Für mich fühlte sich das Vatersein so an wie ein permanenter Kater.
»Ich bin froh, dass du die Gelegenheit hattest«, sagte Cassie. »Das hast du gebraucht.«
Der Dunst aus Zigarettenrauch war dicht, aber nicht so, dass er die stechende Feuchtigkeit in meinen Augen erklärte. »Ja, also …«
»Also, wie lange bleibst du noch weg? Ich meine, kommst du klar?«
Ich blickte durch die Neige von Mineralwasser auf den Grund meines Glases. Der weinrote Boden wirkte wie ein rundes, verschwommenes Zehncentstück. Ein gieriges schwarzes Loch mit einem Gravitationsfeld, das mich niemals loslassen würde, bis es mich eingesaugt und lediglich ein Rülpsen zurückgelassen hätte.
Ich nahm die Hand vom Mund und sprach lauter als nötig, damit Caspian mich verstehen konnte. »Ja, ich lass es gleich gut sein. Ich bin dann …«
Seine Hand schoss vor wie ein wütender Mungo und packte das Handy. »Ist das die reizende Cassie Wheeler? Wie geht’s dir, meine Liebe?«
Das Lächeln des Scheißkerls wirkte bedrohlich. Missbräuchlich, wenn man so etwas von einem Lächeln sagen konnte. Soweit ich wusste, hatte er schon zweimal versucht, Cassie zu ficken. Beim ersten Mal hatte ich ihm eins aufs Maul gehauen und damit einen Kampf angefangen, der zwanzig irrsinnige Sekunden gedauert hatte und nach dem wir zerschunden und voller Blut gewesen waren. Am nächsten Abend gingen wir saufen und legten am Ende die Arme umeinander. Beim zweiten Mal hatte Caspian einfach mit den Schultern gezuckt, als wollte er sagen: »Was hast du erwartet?« Dieses Mal übersprangen wir die Prügelei und gingen gleich zum versöhnenden Besäufnis über – auf Caspians Rechnung. Es war seine Art, sich hintenrum zu entschuldigen. Er hatte es wahrscheinlich noch öfter versucht, und Cassie hatte einfach nichts gesagt. Bei Männern wie Lance Caspian gab es nicht viel zu sagen. Er machte es weniger aus Lust denn aus Bosheit.

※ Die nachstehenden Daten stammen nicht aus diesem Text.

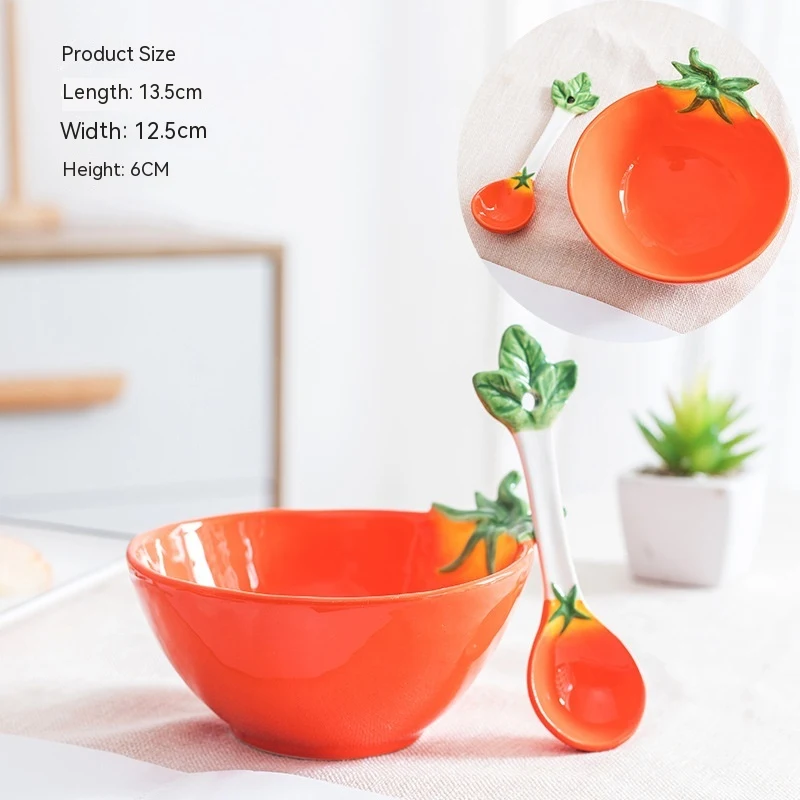 product image - 10
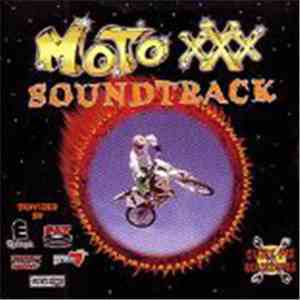 Various - Moto XXX Soundtrack mp3 album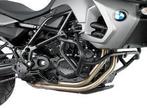 BMW F 650 700 800 GS GIVI Beugels motorblok TN 690, Motoren, Ophalen of Verzenden, Nieuw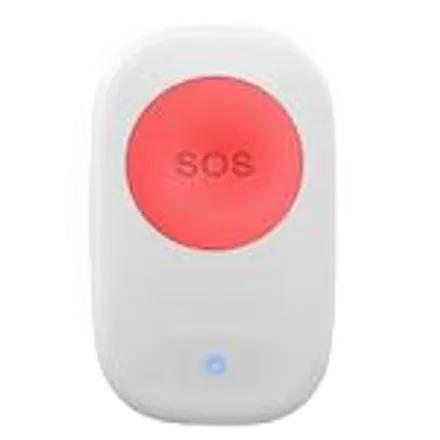 ORVIBO SE21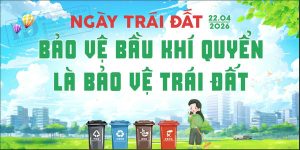 Pano, Phông Nền Ngày Trái Đất (20)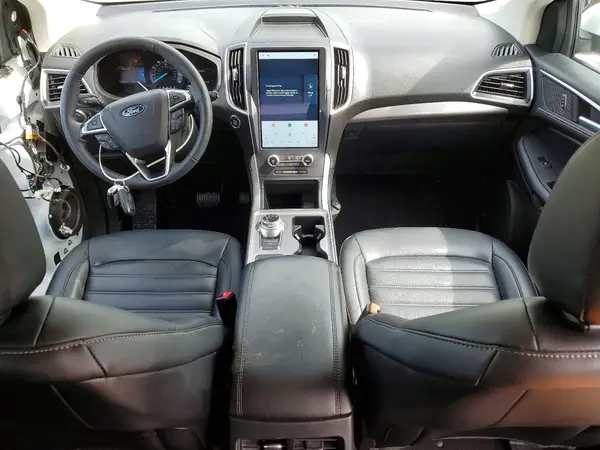 2FMPK4J92RBA08511 2024 FORD EDGE - Image 8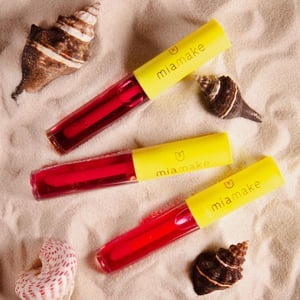 Lip Tint 4ml Mia Make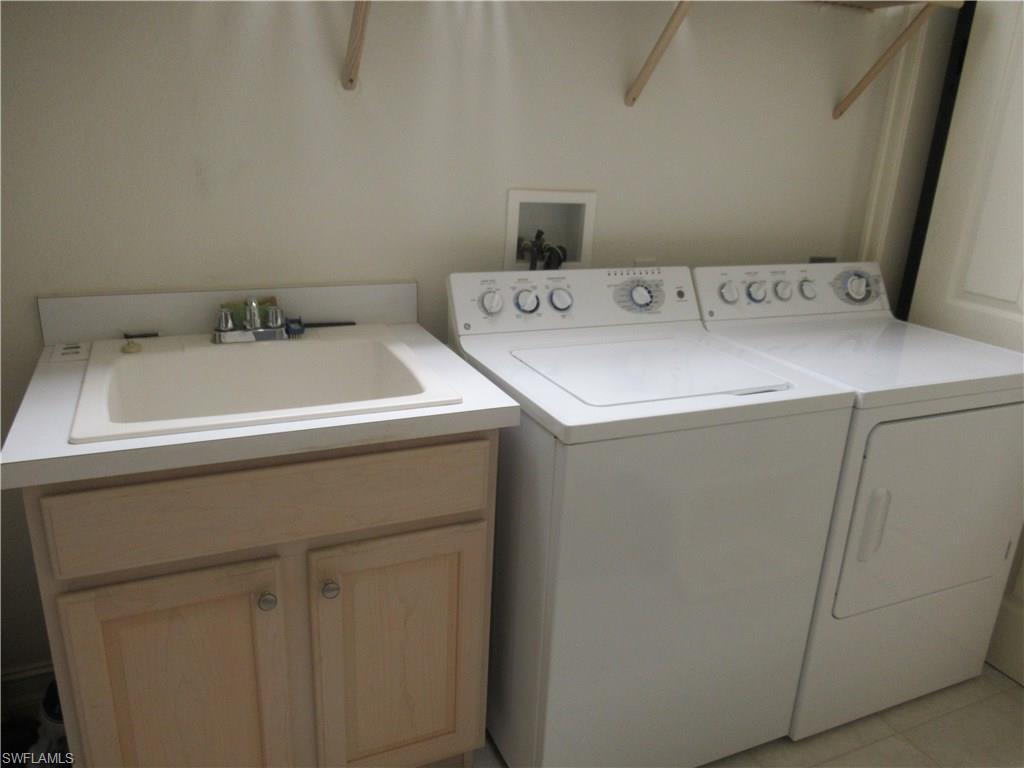 SARATOGA - Residential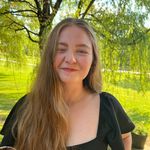 Samantha Chamblee - @sam_chamblee - Instagram
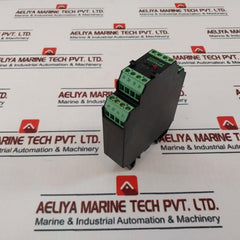 Murr Elektronik 51301 Output Relay Max 5A 250V Ip20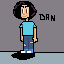 danavidan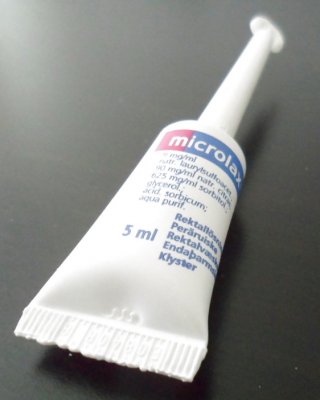 Spielzeug #30224603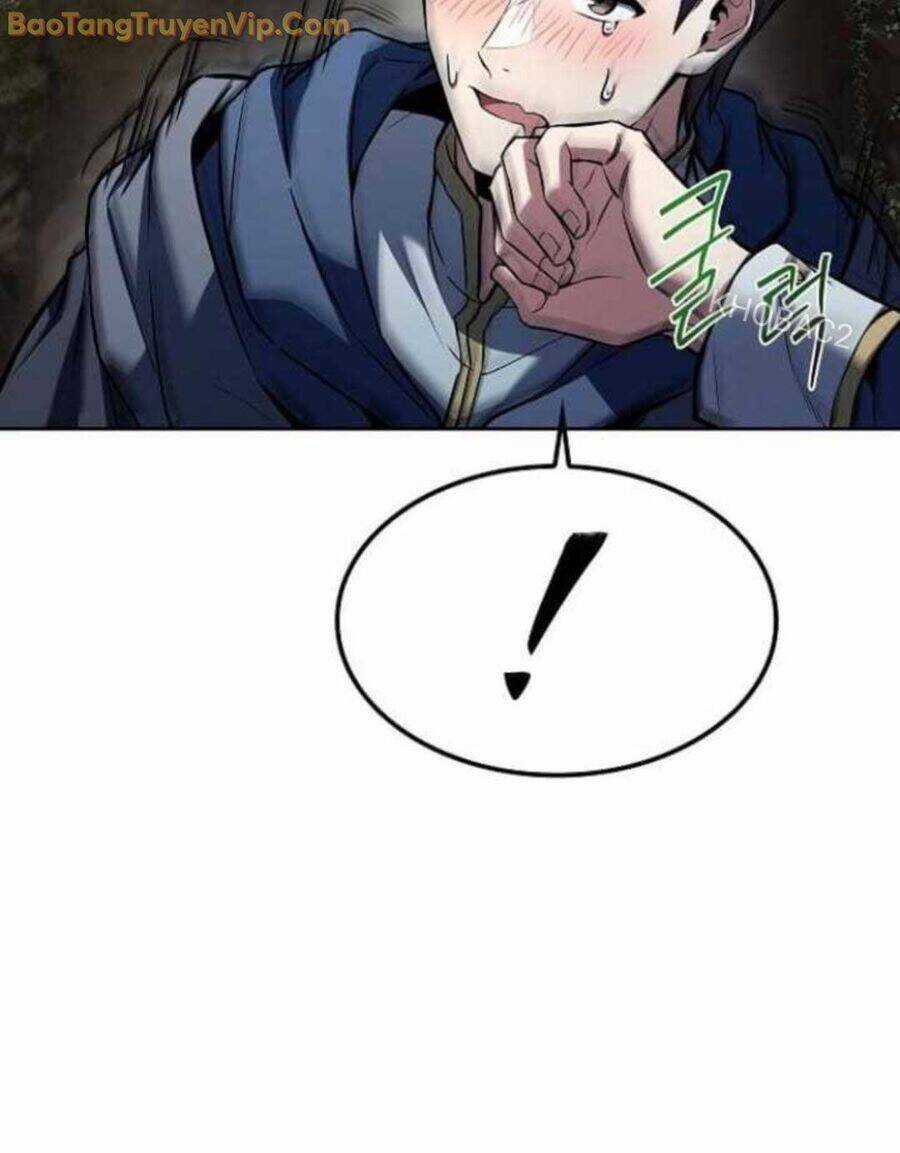 Đại Pháp Sư Mở Nhà Hàng Chương 63 trang 88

Caspians Augen wurden glasig, als er dem zuhörte, was Cassie zu sagen hatte. »Hör mal, Liebes. Die Toten ruhen nicht. Das hier passiert nur einmal in zehn Jahren, und ich muss mich jetzt loseisen. Dein Junge macht sich prächtig, du musst dir keine Sorgen machen. Wir schicken ihn gesund und munter nach Hause, und ihr könnt zu eurem aufregenden, spontanen Leben der Kindererziehung zurück. Okay? Ciao.«
Er unterbrach die Verbindung und steckte das Handy in seine Gesäßtasche.
»Alter«, sagte ich.
Caspian streckte die Hand aus schüttelte den Kopf. »Nichts da. Junge, ich rette dich vor dir selbst.«
Dann kam die Kleine, die mir ihre Titten gezeigt hatte. Und mit einem angeborenen sechsten Sinn trat Caspian beiseite und ließ sie durch.